A Falsifiable Geometric–Thermodynamic Framework for Emergent Cosmic Acceleration

We present a falsifiable, test-driven framework to assess the hypothesis that latetime cosmic acceleration emerges from the thermodynamic and geometric properties of spacetime rather than from a fundamental cosmological constant. The manuscript is organized into three operational criteria. Criterion A reconstructs the background expansion directly from model-independent data without assuming a fundamental Λ. Criterion B tests whether the reconstructed background is internally consistent with the observed linear growth of structure under standard General Relativity. Criterion C1 closes the program for a concrete realization by estimating, from observations, the single dimensionless parameter that controls the acceleration scale in the Jacobson-motivated holographic dark energy (HDE) completion.
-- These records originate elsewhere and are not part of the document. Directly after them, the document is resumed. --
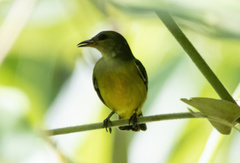 Dicaeum trigonostigma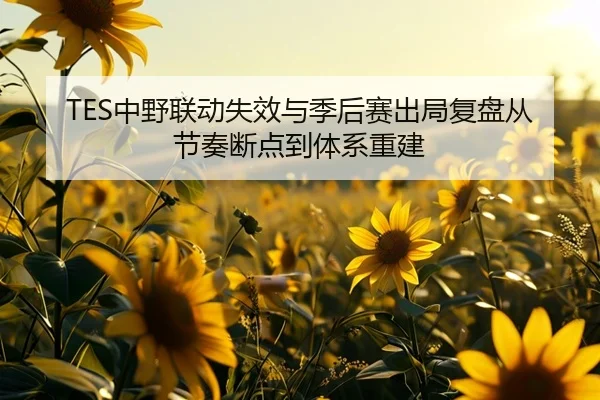 TES中野联动失效与季后赛出局复盘从节奏断点到体系重建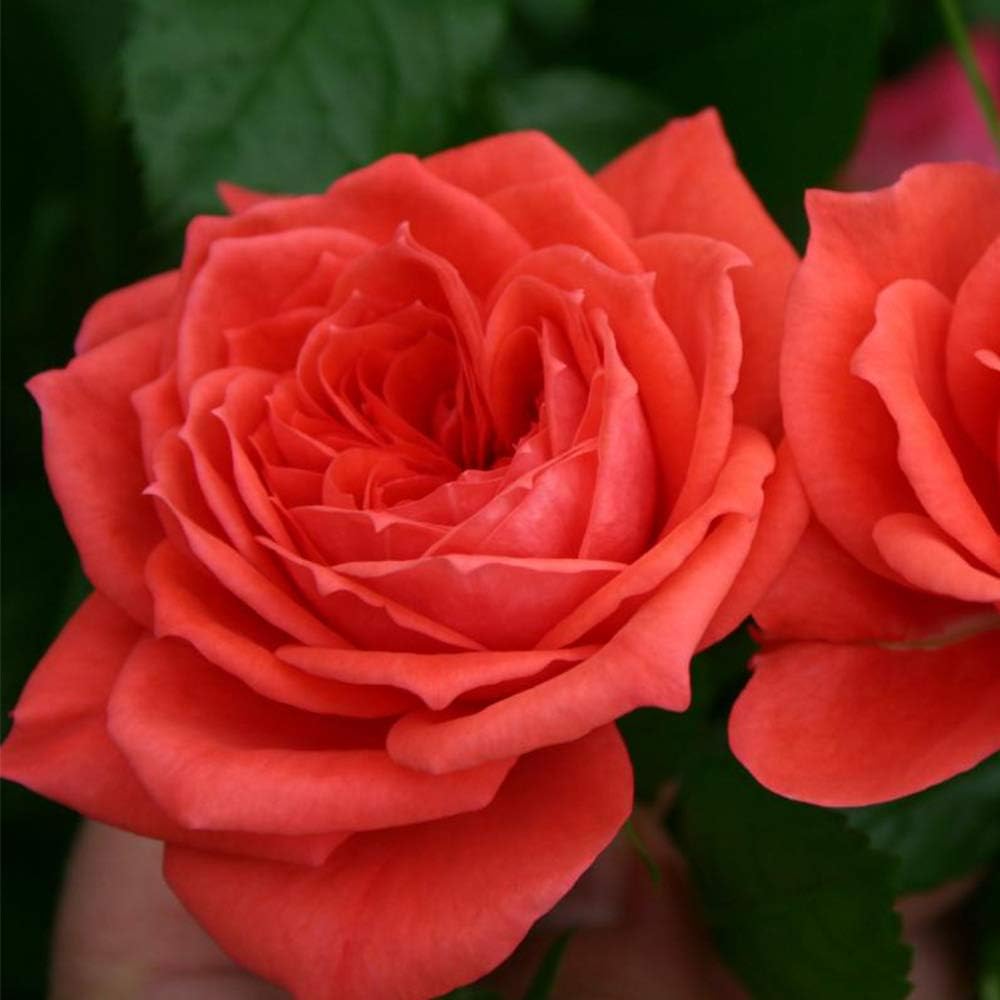 Heirloom Floribunda Roses, Live Own Root Plant for Outdoor Garden, Oh My!™, Lightly FragrantHardiness Zones: 5-10, Repeat Blooming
Using Pantheon+ Type Ia supernovae and the DESI 2024 combined BAO likelihood (ALL, full covariance), we obtain an empirical best fit cbest = 0.95 with χ2 min = 914.327 for the adopted SN+BAO likelihood pipeline (real-data run). These results do not by themselves validate an emergent-acceleration ontology, but they implement the intended logic of the program: The hypothesis is made testable, the parameter is measurable, and any future thermodynamic first-principles prediction for c becomes a direct pass/fail target.